Il futuro dell’Iran e le prossime elezioni

D: Cosa ne pensa delle prossime elezioni presidenziali?

R: “Nei regimi non democratici, le elezioni servono come rinnovamento rituale della fedeltà del pubblico al leader. Pertanto, indipendentemente da chi voteranno gli elettori, il regime lo interpreterà come un segno di lealtà dei cittadini. Pertanto, l’affluenza alle urne è importante. Tuttavia, questa volta, l’Ayatollah Ali Khamenei è più interessato a ridurre l’affluenza alle urne, così che il suo candidato preferito, l’obbediente Saeed Jalili, può essere eletto”.

La morte di Raisi e il futuro ruolo degli Usa

D: La morte dell’ex presidente Ebrahim Raisi è stata un duro colpo per il regime. Ritiene che possa portare a cambiamenti nella politica iraniana?

R: “La presidenza del defunto Raisi è stata del tutto irrilevante, perché era un obbediente lacchè dell’Ayatollah Khamenei e privo di qualsiasi pensiero proprio. La sua morte, tuttavia, ha riacceso la lotta tra le fazioni per il potere, in particolare per la presidenza, ma anche per la successione alla leadership dopo l’ayatollah Khamenei“.

D: C’è la possibilità che l’Iran riallacci il rapporto con gli Stati Uniti nei prossimi anni?

R: “Finché gli Stati Uniti non saranno in grado di raggiungere accordi con la Repubblica islamica e di mantenere il proprio impegno in tali accordi, la leadership di Teheran non avrà altra scelta che orientarsi verso est, principalmente verso Russia e Cina“.

Il rapporto con Israele

D: E il rapporto con Israele?

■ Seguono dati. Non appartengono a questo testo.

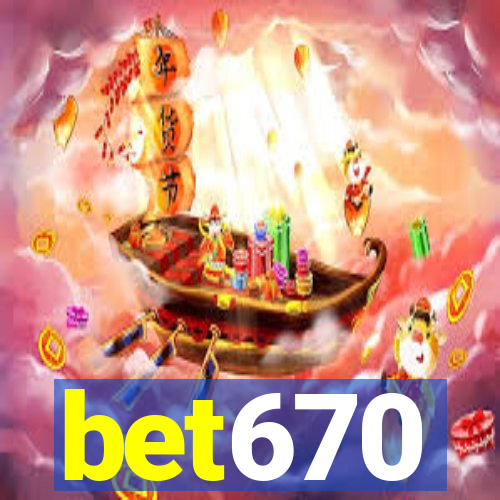 bet670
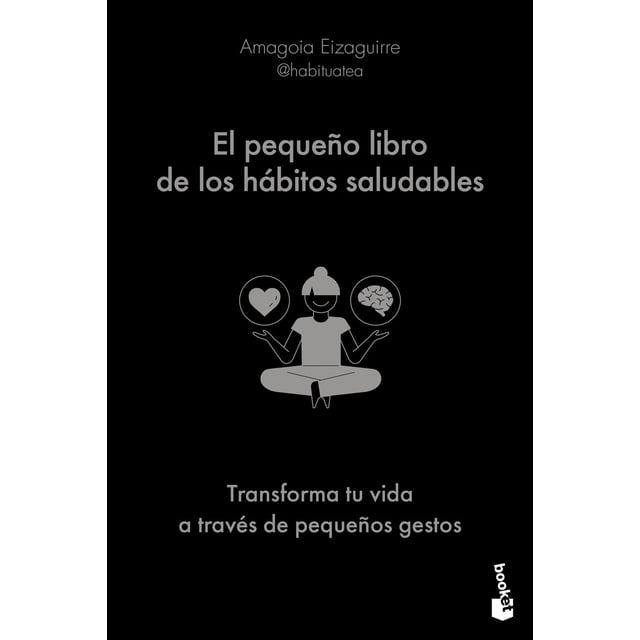El pequeño libro de los hábitos saludables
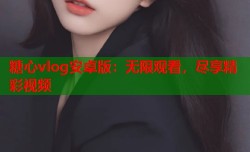 糖心vlog安卓版：无限观看，尽享精彩视频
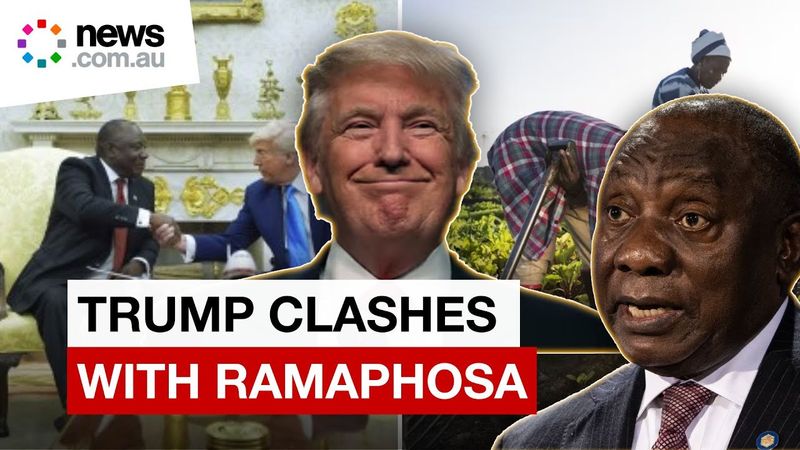Trump confronts Ramaphosa over disputed claims of white farmer ‘genocide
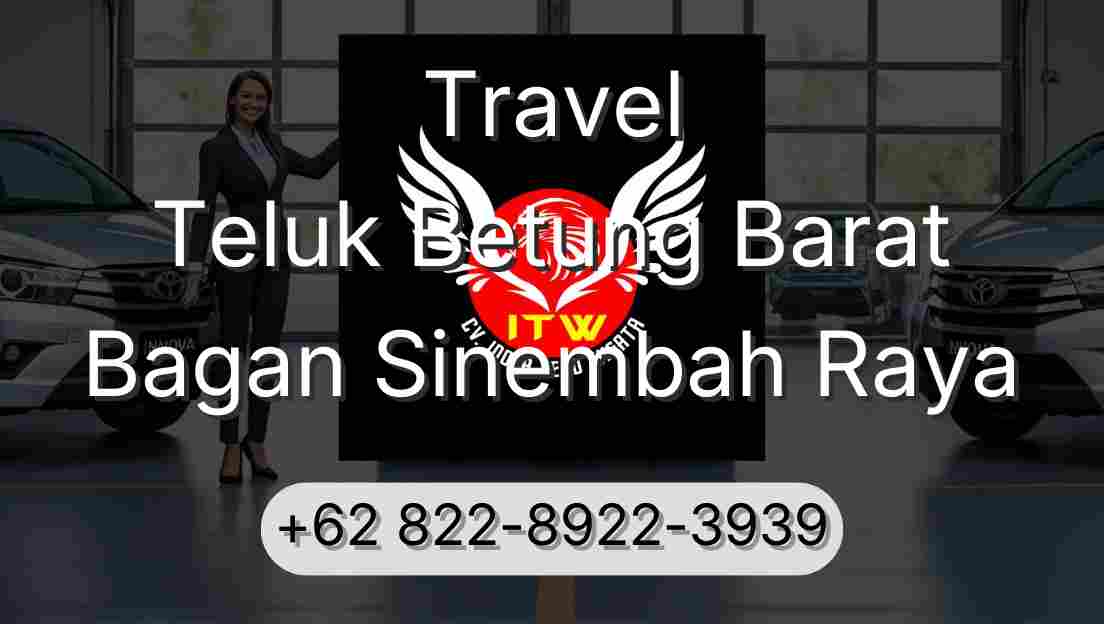 Travel Teluk Betung Barat Bagan Sinembah Raya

Come potrebbe evolversi?

R: “L’Iran e Israele furono segretamente allineati contro l’Iraq dal 1958 al 1990, un periodo che comprendeva il regime di Pahlavi e la Repubblica Islamica, nonostante le sceneggiate anti-israeliane della Repubblica Islamica. Dopo la guerra del Kuwait, la posizione di Israele è cambiata: l’Iraq non era più l’attore più forte in Medio Oriente, mentre lo era l’Iran”.

“Da allora Israele ha cercato di controbilanciare e indebolire l’Iran. La rivalità tra Iran e Israele è inoltre esacerbata dai tentativi di Israele di proteggere il proprio monopolio nucleare. Finché l’Iran esisterà come stato unificato, è probabile che continui il lavoro sul nucleare, il che significa che la rivalità Iran-Israele probabilmente continuerà indipendentemente dalla natura del regime di Teheran”.

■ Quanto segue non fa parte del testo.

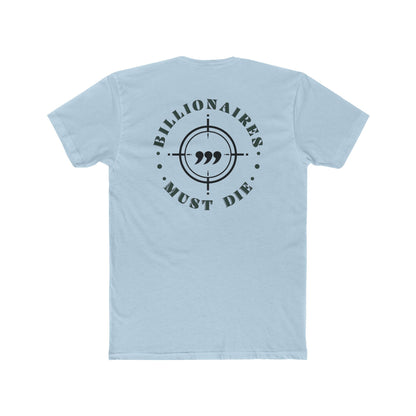 OG Billionaires Must Die Unisex Pocket Tee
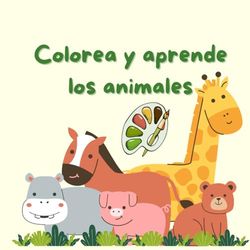 Libro para colorear y aprender los animales: Conoce los animales en español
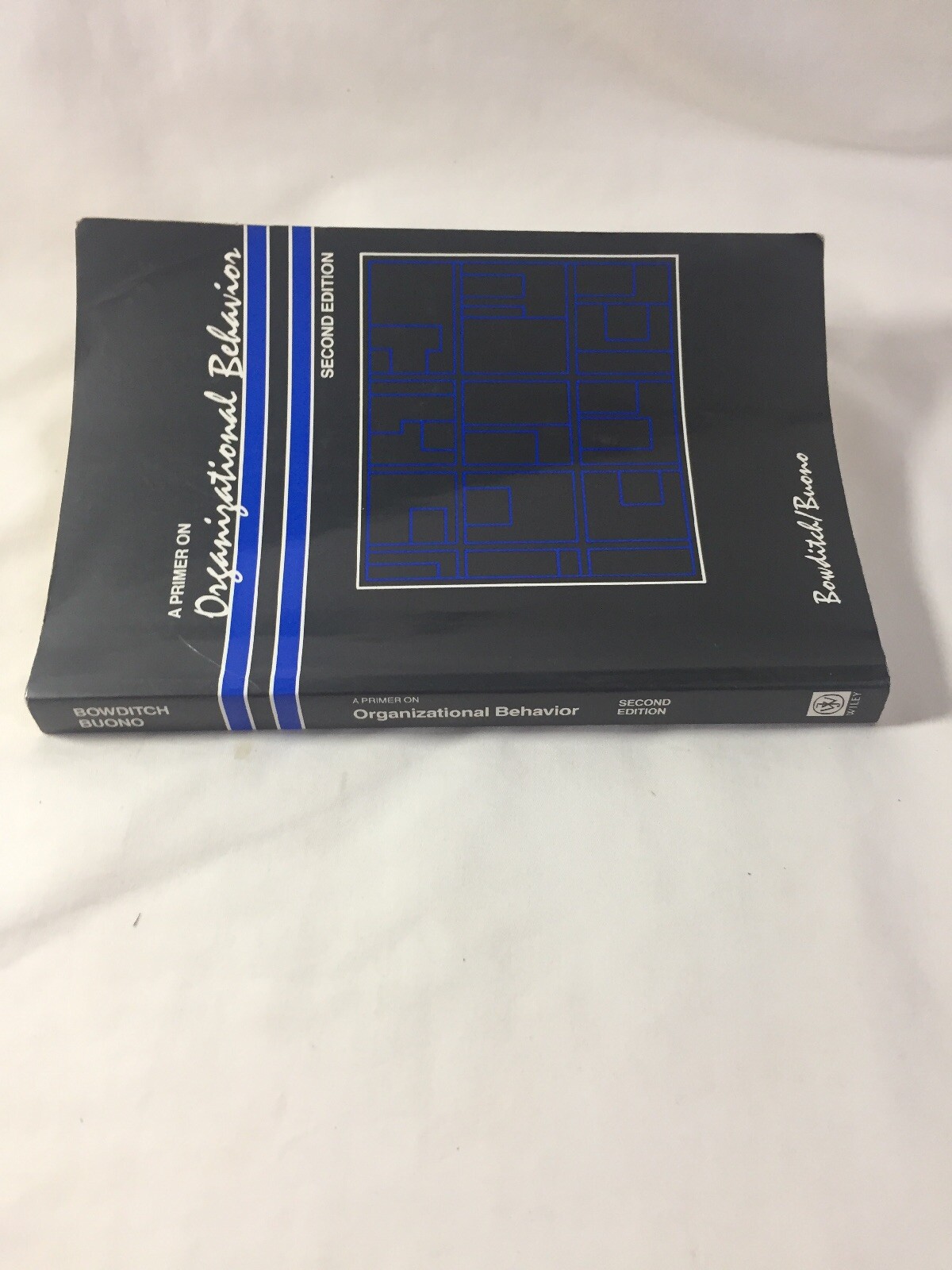A Primer on Organizational Behavior by Anthony F. Buono; James L. Bowditch 2nd E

I diritti delle donne: cosa è cambiato dal 2022?

D: Dal 2022 sono in corso importanti proteste che hanno visto al centro le donne. Cosa è cambiato da allora?

R: “Secondo la Banca Mondiale, nel 1979, solo il 25% degli iraniani sapeva leggere e scrivere, e il 75% delle donne iraniane erano analfabete. Nel 1979, solo l’1% delle donne iraniane aveva un’istruzione universitaria e oggi quella percentuale ha raggiunto il 56%. A parte la legge sull’hijab, nulla è realmente cambiato: se guardi i video delle passeggiate di Teheran, come il canale Travel All Nation su YouTube, vedi che il regime ha effettivamente rinunciato a far rispettare la legislazione sull’hijab”.

D: Gli Iraniani hanno fiducia nella figura dell’Ayatollah e nell’attuale regime?

R: “Per quanto riguarda la fiducia del pubblico non lo so, dal momento che l’ayatollah Khamenei non è stato eletto alla carica di leader, ma sondaggi estremamente accurati del ministero della Cultura e dell’Orientamento Islamico mostrano che il pubblico iraniano diffida di tutti gli organi rappresentativi e degli uffici elettivi nella Repubblica islamica. È quindi probabile che la sfiducia dell’opinione pubblica si estenda anche all’Ayatollah Khamenei“.

“Per quanto riguarda il fatto che l’Ayatollah Khamenei sia l’ultimo “Giurista Guardiano”, o capo di stato clericale, non ne sono così sicuro. Credo che la mia previsione del 2006 di una trasformazione dell’Iran in una dittatura militare si stia gradualmente materializzando, ma mi aspetto che la Guardia Rivoluzionaria mantenga la carica di Guida Suprema, almeno per un certo periodo”.

D: Che conseguenze potrebbero esserci dall’eventuale crollo della Repubblica Islamica?

R: “Se lo Stato iraniano sopravvive al crollo della Repubblica islamica, e nella misura in cui l’Iran non precipita in una guerra civile, non viene balcanizzato e non viene spartito, la separazione tra Stato e religione sarà probabilmente la conseguenza più duratura”.